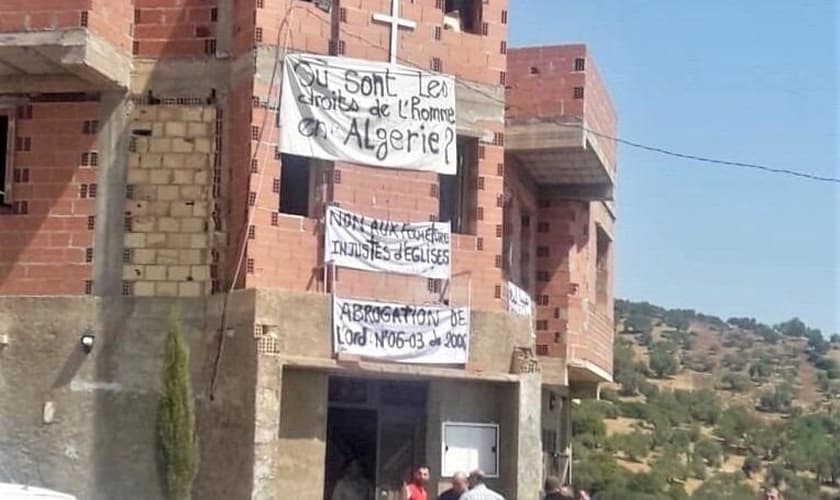Cristãos impedem fechamento de igreja com cartazes e oração. (Foto: Reprodução/Morning Star)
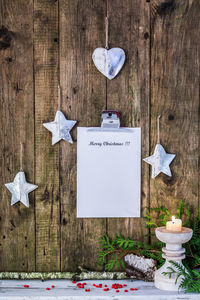 Christmas decorations with clipboard hanging on wooden wall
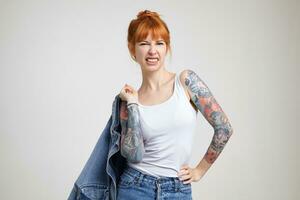 Horizontal shot of young pretty redhead lady with tattoos holding jeans coat with raised hand and frowning her face while looking at camera, isolated over white background photo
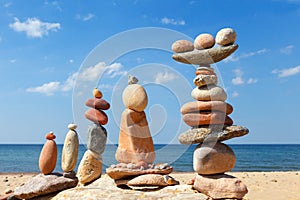 Several Rock zen pyramids of colorful pebbles on a beach on the background of the sea. Concept of balance, harmony and meditation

● ● ●

- Exercise brief: Leave out the pictures; repeat the data exactly.

- Solution:
Cristãos impedem fechamento de igreja com cartazes e oração. (Foto: Reprodução/Morning Star)
 Christmas decorations with clipboard hanging on wooden wall
 Horizontal shot of young pretty redhead lady with tattoos holding jeans coat with raised hand and frowning her face while looking at camera, isolated over white background photo
 Several Rock zen pyramids of colorful pebbles on a beach on the background of the sea. Concept of balance, harmony and meditation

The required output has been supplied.